NASA Budget Cutbacks Would Cripple Planetary Science, Critics Say

Proposed cuts included in NASA's 2014 budget request would sabotage a mission to Europa, an icy moon of Jupiter that could support life, scientists say.

The Obama administration released its 2014 budget proposal Wednesday (April 10). While the budget would set aside $17.7 billion for NASA, it would cut the agency's previous $1.5 billion budget for the planetary science division by $200 million, scientists said in a live webcast sponsored by the Planetary Society, an organization founded by scientist Carl Sagan to promote solar-system exploration.

"We're a little disappointed that planetary science didn't get a little better shake," said Bill Nye, CEO of the society and popularly known as televisions "Bill Nye the Science Guy." [NASA's 2014 Space Goals Explained in Pictures]

The new budget does not follow the recommendations of the National Research Council's Planetary Science Decadal Survey, a 410-page report that surveyed dozens of planetary scientists to identify the top priorities for the field over the next decade, Nye said.

"This very-well-thought-out, strongly supported list of suggestions has not really been embraced or the better word would be 'ignored,'" Nye said.

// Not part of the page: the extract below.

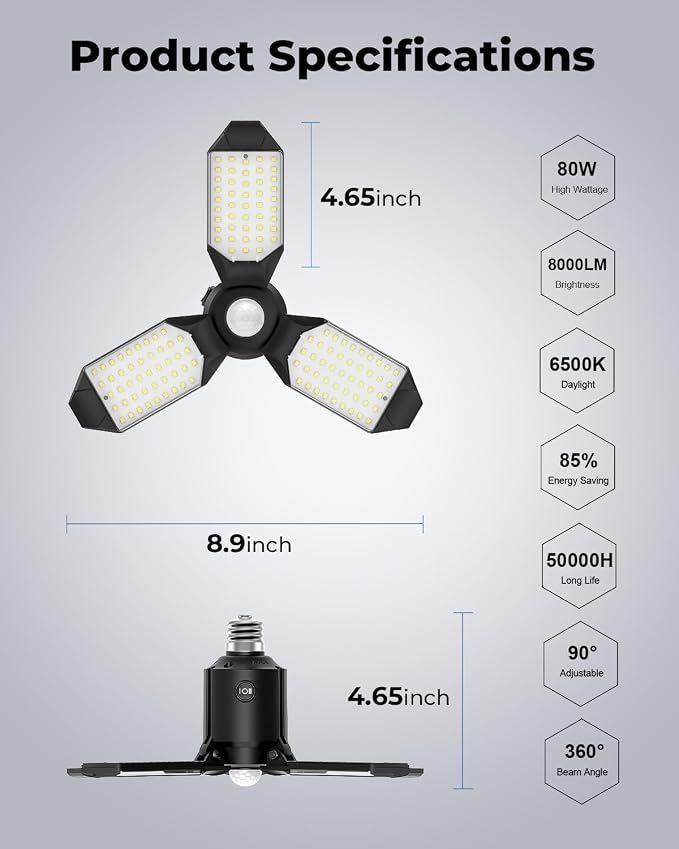 toberich 4 Pack Motion Sensor Garage Lights, 8000LM Shop Light 6500K | 3 Modes, 3 Deformable Panels, Indoor Motion Activated Light Bulb for Garage Workshop Laundry Room Basement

Europa, a mysterious moon of Jupiter, has a churning ocean locked beneath its icy surface, making it one of the best potential sources of extraterrestrial life in the solar system.

But the new budget doesn't include any money to explore Europa's ice-covered ocean.

The budget does set aside funds to identify asteroids that could threaten Earth and to bring back samples from an asteroid, said Bill Adkins, a consultant for the society.

The administration's budget also includes funding to send a rover, much like the Curiosity rover, to Mars in 2020.

However, the budget does not set aside funds to take rocks back from the planet to study them on Earth, Adkins said.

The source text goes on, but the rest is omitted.